(The following article by Joie Tyrrell was posted on the Newsday website on August 18.)
NEW YORK — Sharon Feig, of Plainview, sat frustrated for hours inside a stalled Long Island Rail Road train not knowing when she would get home.
“They gave us wrong information. They made it seem like any minute now they would be on their way,” Feig said yesterday, recalling the nearly four-hour delay west of Woodside in March. “They didn’t explain anything and it was hours and hours and hours stuck on the train.”
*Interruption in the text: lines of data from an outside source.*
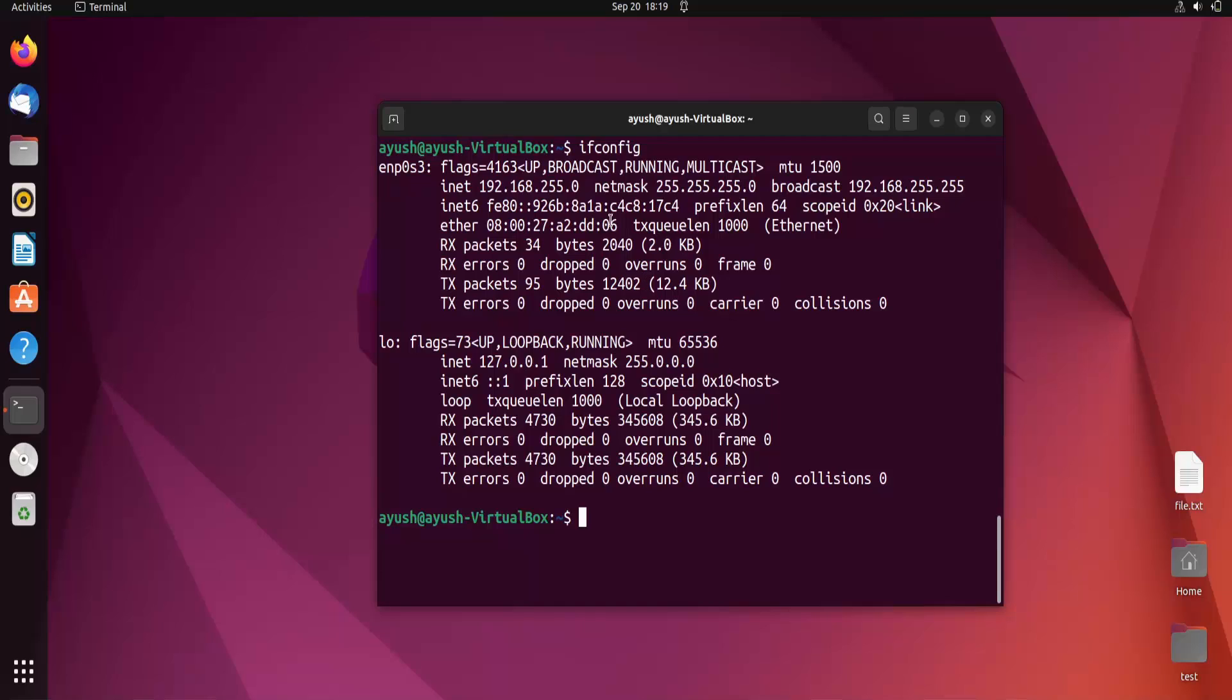Now I will check the IP address again with ifconfig. Here you can see the IP address and netmask have changed.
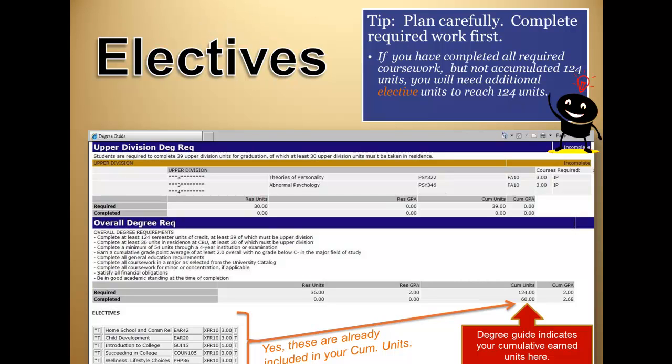If and when you need to register for classes to meet elective units, you may register in classes that you elect. In other words, as long as it earns units, you may elect which class or subject to take.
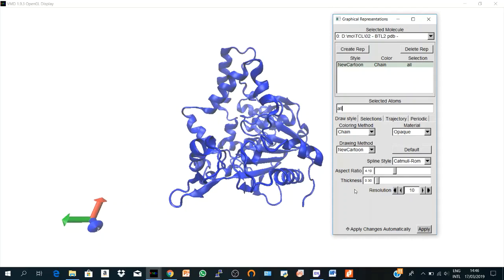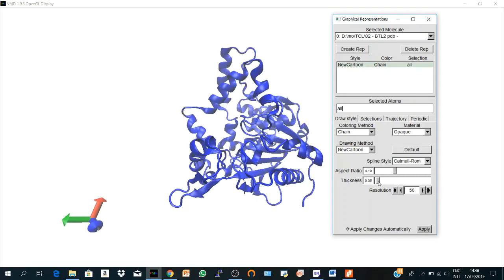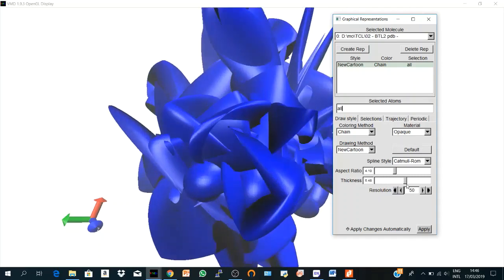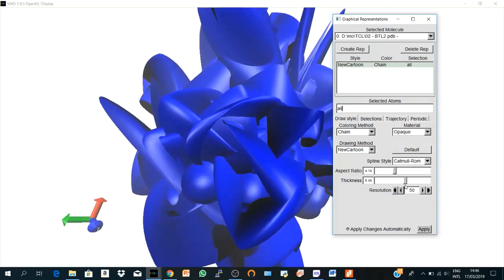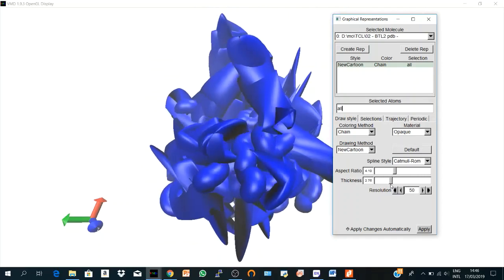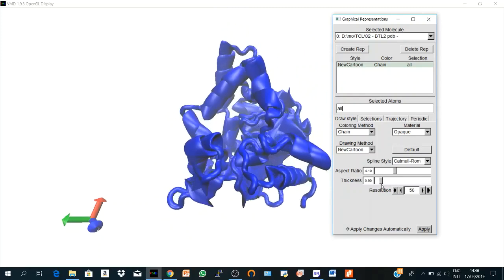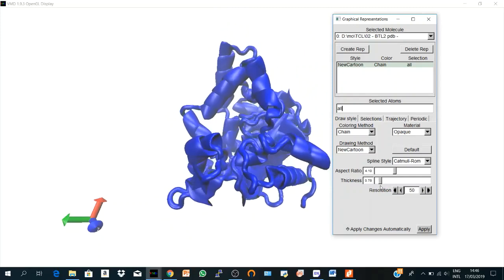And here we have the resolution of our structure. You can increase the resolution to get nice figures. The maximum is 50. And here is the thickness of your structure. If you see this, it's so crazy. So you have to adjust it to get some rational figures.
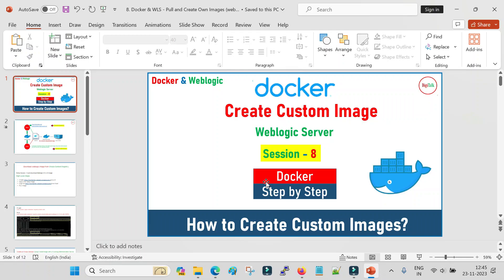Welcome back to DigiTalk and session 8 of Docker. In this session I will explain how we can pull the pre-built WebLogic server image from the Oracle official container registry and then how we can start the admin server container. In sessions 5 and 6 I explained in detail how we can pull images from the official registry, how you can pull from Docker Hub, and how you can pull from the Oracle official container registry.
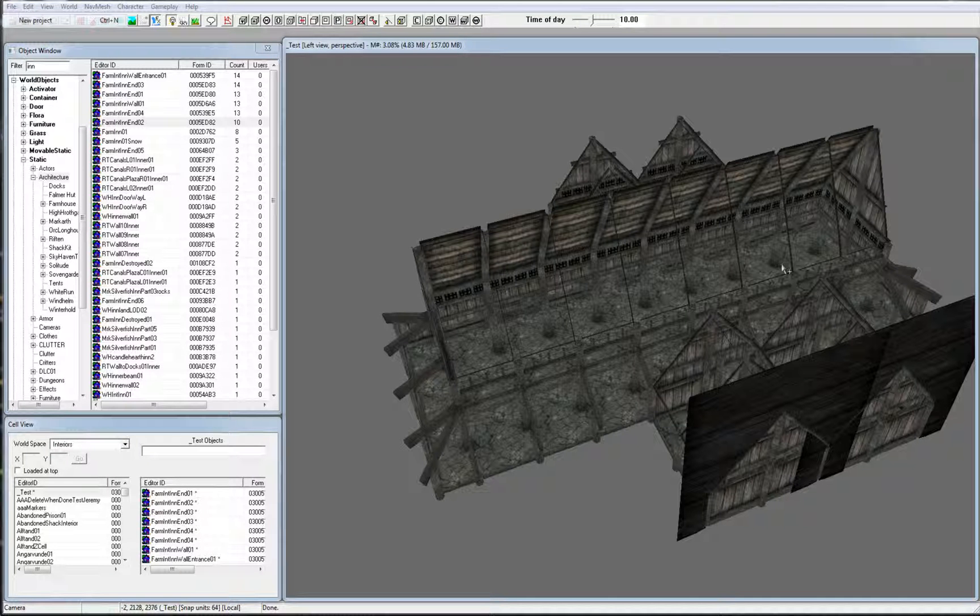Hello and welcome back to another Skyrim Creation Kit Bootcamp reference video. This video focuses on moving objects in the render window.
So it was no surprise when Feig learned yesterday that a commuters’ advocacy group found that the LIRR falls short in communicating with customers during emergencies. The Permanent Citizens Advisory Committee, the coordinating body for the LIRR Commuters Council, concluded that the LIRR and the Metropolitan Transportation Authority must improve its communication with customers and develop precise procedures for staff to deal with customers during times of trouble.
“Ignorance is your enemy,” said James Blair, first vice chair of the advisory committee. “By going through a review like this, it may motivate the agencies to put communication higher on a priority list.”
After a review of policies and training practices, the group found that the LIRR has developed plans for emergencies, but its communication procedures are not blended seamlessly into these plans. For example, one plan for employees lacked sequenced page numbers and an index, making information difficult to find.
Some of the emergency plans are specific to weather-related problems and should be expanded in scope, it said, and the railroad should provide train crews with announcement information for customers during emergencies.
The report noted the LIRR does coordinate well with emergency responders, it conducts many emergency drills, and also has decommissioned railcars for use in emergency training.
Overall, the MTA should oversee all of its agency’s emergency plans, the group said. It should improve its Web site for better clarity and navigation, and it should establish formal procedures for performance evaluations after emergencies, it said.
The report, a year in the making, was researched and largely prepared prior to the London Underground attacks. The group examined the policies and instructions given to each agency’s operating employees.
MTA Executive Director Katherine Lapp said in a letter to the group that she has requested a review of communications policies.
“While the MTA has successfully responded to recent weather and power outage emergencies, this review can only serve to reinforce our best policies while refining others that could be improved,” Lapp said.